Mieux qu’un Tamagotchi : une boule animée XXL, dotée de deux grands yeux expressifs, qui roule toute seule dans votre salon, reconnaît votre voix et celle de chaque membre du foyer, réagit aux caresses, sent quand vous approchez et qui, accessoirement, tient un journal de bord de ses interactions avec vous depuis sa petite caméra intégrée. Entre l’épisode de Black Mirror et le futur, Noa et Niko sont les deux nouveaux robots domestiques de Switchbot.
La marque japonaise jusqu’ici connue pour ses petits robots domotiques, vient d’opérer un virage à 180°. Le 12 mai dernier à Tokyo, l’entreprise a officialisé Kata Friends, qu’elle présente comme une nouvelle catégorie de robots compagnons.
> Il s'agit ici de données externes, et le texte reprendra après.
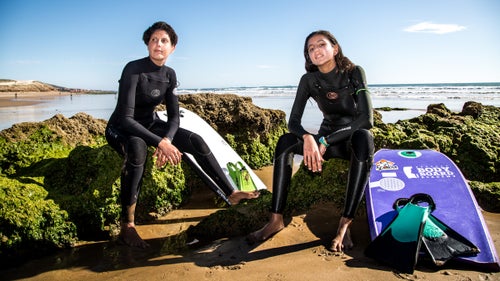 Leila Achir (left), 39, always wanted to try bodyboarding growing up, but her family never had the means. When her daughter Hiba Achir (right),14, took up bodyboarding six years ago, Achir decided to follow her into the waves. The mother-daughter duo are currently ranked fourth and third in the nation, respectively.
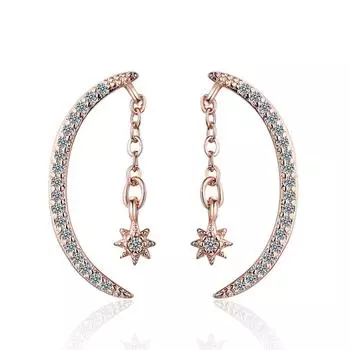 Девчачий подарок модные циркониевые сверкающие классические серьги-гвоздики для женщин ослепительные женские элегантные аксессуары вневременные ювелирные изделия розового золота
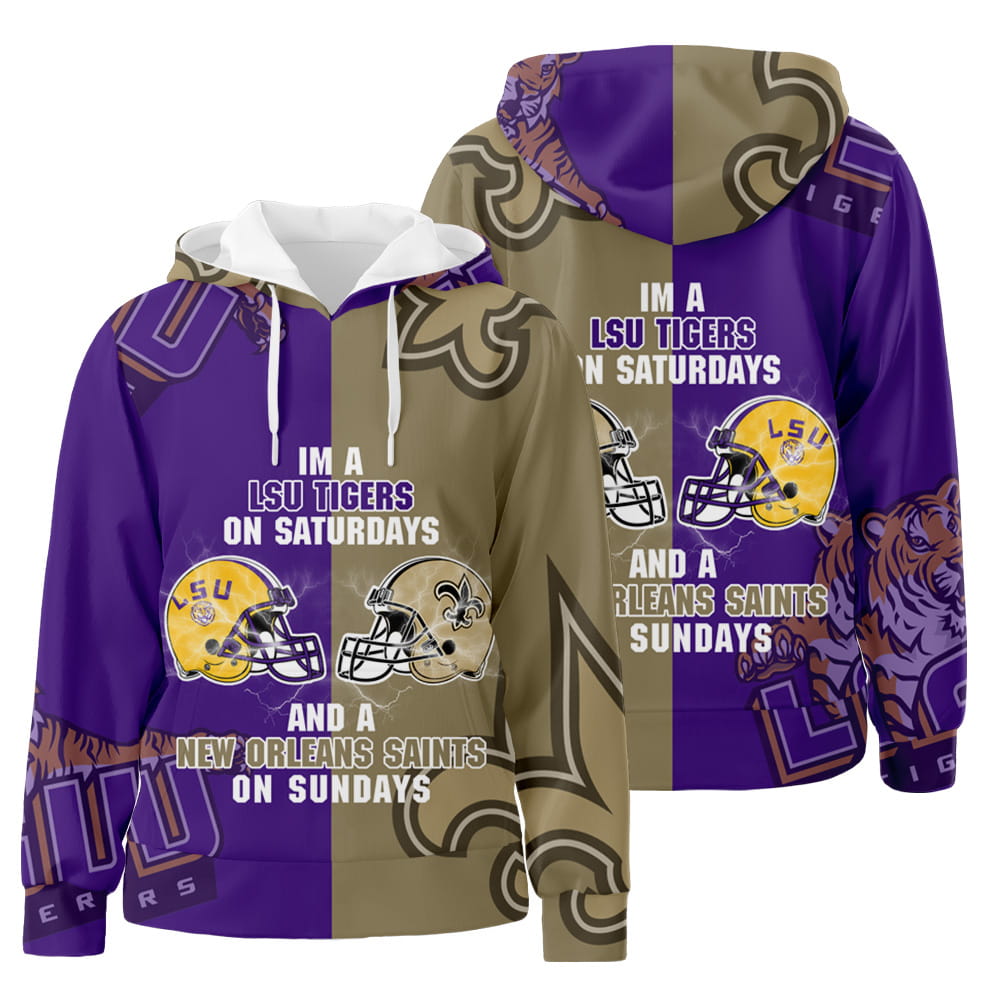 Iâ€™m a LSU Tigers on Saturdays and New Orleans Saints 3D All Over Print Hoodie Zip-Up Hoodie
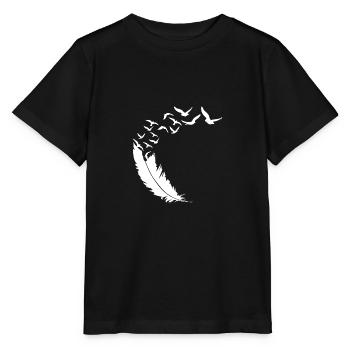 Plume - Oiseaux - Essaim d’oiseaux - Art abstrait - T-shirt bio MINI CREATOR Stanley/Stella Enfant - noir - Devant - Mikhail (115cm)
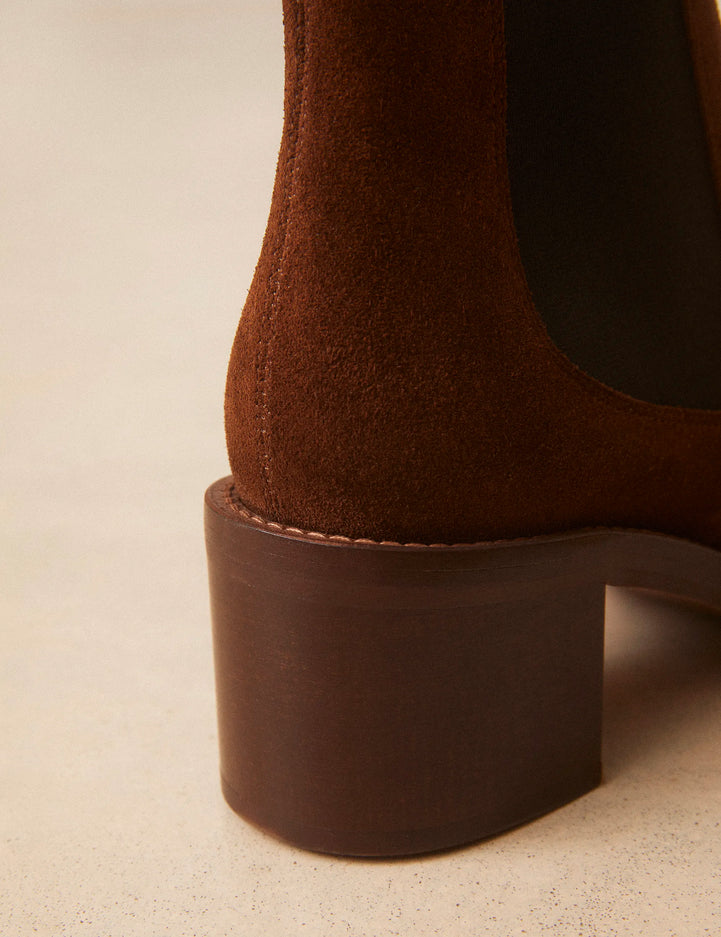 Bottines À Talons Suède Noisette - Numéro 289 - Rivecour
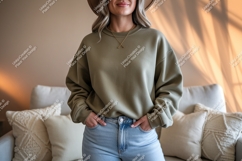 Woman wearing olive green sweatshirt and blue jeans Product Image 1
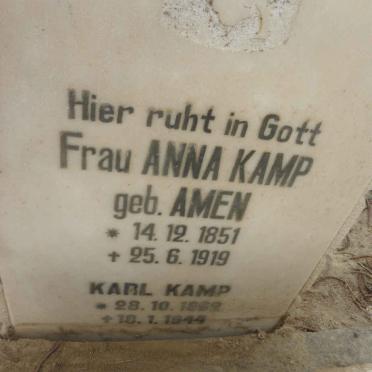 KAMP Karl 1862-1944 &amp; Anna AMEN 1851-1919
Sous leur design rond et pelucheux, les Kata Friends embarquent un modèle de langage en local, qui leur permet de comprendre la parole et de répondre sans dépendre en permanence d’une connexion internet.
Côté hardware, on est plus proche du robot domestique miniature que de la peluche. Le boîtier embarque des caméras, des micros, des détecteurs d’obstacles, des roues motorisées qui lui permettent de se déplacer seul dans la maison et de retourner à sa base de recharge sans intervention humaine. Douze zones tactiles sont réparties sur le corps, et permettent de différencier un câlin d’une simple tape. SwitchBot évoque également une reconnaissance vocale des émotions, censée détecter l’humeur de l’utilisateur à travers le ton de sa voix, et une mémoire qui permet à chaque Kata Friend de réagir différemment selon le membre du foyer qu’il a en face.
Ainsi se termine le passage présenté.